▶ **WHAT TO WORK ON**
Lines from the one containing "cheesecake in plate" through the end of the material are to be retyped exactly; do not copy pictures.

▶ **DATASET CONTENT**
━━━━

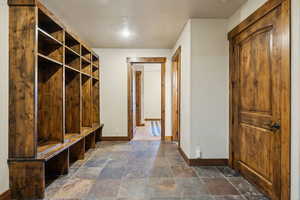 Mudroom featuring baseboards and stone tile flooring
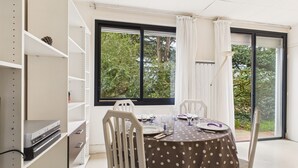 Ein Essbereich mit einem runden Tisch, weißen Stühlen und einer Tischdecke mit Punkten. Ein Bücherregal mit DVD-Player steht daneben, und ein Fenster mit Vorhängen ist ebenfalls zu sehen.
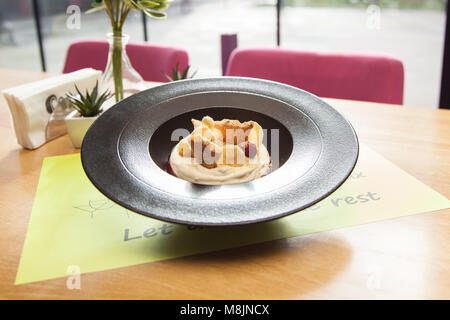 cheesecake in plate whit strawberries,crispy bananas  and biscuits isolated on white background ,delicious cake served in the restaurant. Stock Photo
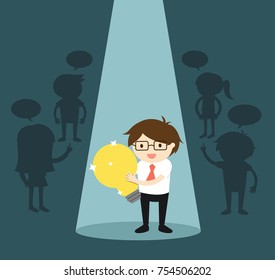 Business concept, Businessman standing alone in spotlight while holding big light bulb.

━━━━

▶ **REPLY TO THE EXERCISE**
 cheesecake in plate whit strawberries,crispy bananas  and biscuits isolated on white background ,delicious cake served in the restaurant. Stock Photo
 Business concept, Businessman standing alone in spotlight while holding big light bulb.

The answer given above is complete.